* [Aim of the task]
Return verbatim the line containing "PANDORA Rose MOMENTS Smooth Clasp Bracelet" together with all lines that follow it, through the end of the records.

* [Information]
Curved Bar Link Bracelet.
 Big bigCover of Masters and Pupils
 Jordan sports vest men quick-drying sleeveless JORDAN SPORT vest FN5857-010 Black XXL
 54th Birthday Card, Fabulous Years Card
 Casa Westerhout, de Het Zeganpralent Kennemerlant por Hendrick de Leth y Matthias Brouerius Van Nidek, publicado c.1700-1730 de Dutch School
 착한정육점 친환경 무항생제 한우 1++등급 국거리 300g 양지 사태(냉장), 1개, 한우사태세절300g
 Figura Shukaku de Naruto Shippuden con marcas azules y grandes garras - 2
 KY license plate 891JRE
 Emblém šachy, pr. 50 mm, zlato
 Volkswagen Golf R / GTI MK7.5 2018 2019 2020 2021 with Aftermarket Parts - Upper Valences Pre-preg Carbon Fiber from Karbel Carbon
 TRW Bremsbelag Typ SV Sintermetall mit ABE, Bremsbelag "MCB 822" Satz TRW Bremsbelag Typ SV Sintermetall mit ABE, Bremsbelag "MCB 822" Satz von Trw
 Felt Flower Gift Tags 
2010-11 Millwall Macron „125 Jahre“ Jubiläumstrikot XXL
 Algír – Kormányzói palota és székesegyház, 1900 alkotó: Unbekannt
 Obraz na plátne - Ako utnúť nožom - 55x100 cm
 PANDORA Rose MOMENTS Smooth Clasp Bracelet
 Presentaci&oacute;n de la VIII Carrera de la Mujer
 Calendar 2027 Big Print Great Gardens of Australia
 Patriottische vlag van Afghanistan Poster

* [Completed task]
 PANDORA Rose MOMENTS Smooth Clasp Bracelet
 Presentaci&oacute;n de la VIII Carrera de la Mujer
 Calendar 2027 Big Print Great Gardens of Australia
 Patriottische vlag van Afghanistan Poster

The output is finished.